| Data excerpt |

Start of Block

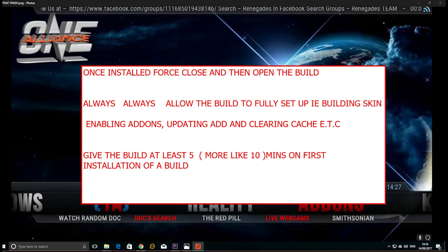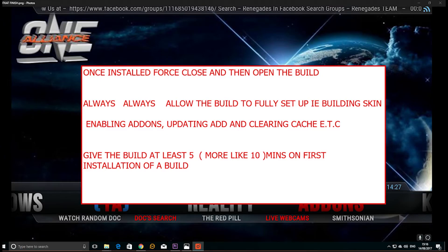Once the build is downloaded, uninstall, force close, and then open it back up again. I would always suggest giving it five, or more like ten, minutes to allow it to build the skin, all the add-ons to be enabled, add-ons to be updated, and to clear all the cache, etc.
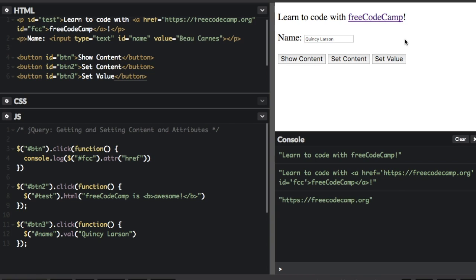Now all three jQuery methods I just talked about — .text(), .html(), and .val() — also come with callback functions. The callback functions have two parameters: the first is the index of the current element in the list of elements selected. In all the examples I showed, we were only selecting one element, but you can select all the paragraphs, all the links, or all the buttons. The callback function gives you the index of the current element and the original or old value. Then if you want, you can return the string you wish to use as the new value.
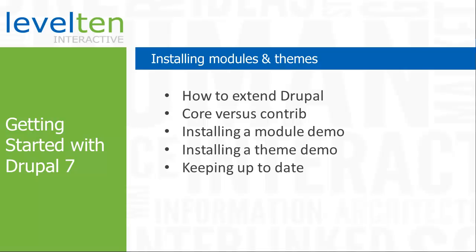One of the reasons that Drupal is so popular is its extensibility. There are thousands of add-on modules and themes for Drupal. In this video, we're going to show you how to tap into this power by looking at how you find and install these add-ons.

End of Block

| Problem to work on |
From the line that contains "Now all three" to the last line of the data, print each line exactly, both ends included, and omit the pictures.

| Written solution |
Now all three jQuery methods I just talked about — .text(), .html(), and .val() — also come with callback functions. The callback functions have two parameters: the first is the index of the current element in the list of elements selected. In all the examples I showed, we were only selecting one element, but you can select all the paragraphs, all the links, or all the buttons. The callback function gives you the index of the current element and the original or old value. Then if you want, you can return the string you wish to use as the new value.
One of the reasons that Drupal is so popular is its extensibility. There are thousands of add-on modules and themes for Drupal. In this video, we're going to show you how to tap into this power by looking at how you find and install these add-ons.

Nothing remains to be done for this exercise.